CODEWITHSUNDEEP
androiddynamicarraylist
stelios
stelios

Reputation: 1027

ArrayList dynamically changes?

I have an Activity with an ArrayList and also i have extended a View,Activity and View are in seperated classes.

public class activity extends Activity{
private ArrayList<customObject> ar = new ArrayList<customObject>();
    public void onCreate(Bundle savedInstanceState) {
    super.onCreate(savedInstanceState);
    drawview = new DrawView(this,ar);
    setContentView(drawview);//more code
}}

As you see i pass to the constructor of the draview the ArrayList of my activity so i can handle the objects of ArrayList has.i gave the same names of ArrayList in both classes.(if that matters...)

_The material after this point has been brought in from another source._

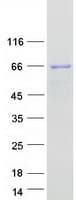 Human SNX33 Protein (Recombinant Myc-DDK (Flag))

class DrawView extends View {

  private ArrayList<customObject> ar;

 public DrawView(Context context,ArrayList<customObject> a) {
        super(context);
            this.ar=a;
}
//more code
}

And now a very very very weird thing....As far as i know java is call by value,so i can't actually pass memory segments of where i store my arraylist...so the only values should the drawview could see are the ones that i have passed on the constructor....BUT when i add values in the ArrayList of the Activity the values are also an din the aaraylist of the view!!!! Could this be happening??why this is happening...i'am very confused...

Upvotes: 0

Views: 565

Answers (1)

Bert F
Bert F

Reputation: 87513

In Java, parameters are indeed passed-by-value, but all non-primitives in Java are references. So when you pass a reference, the reference (memory address) is passed by value and the net effect is that the object or array pointed to by the reference has been passed by value.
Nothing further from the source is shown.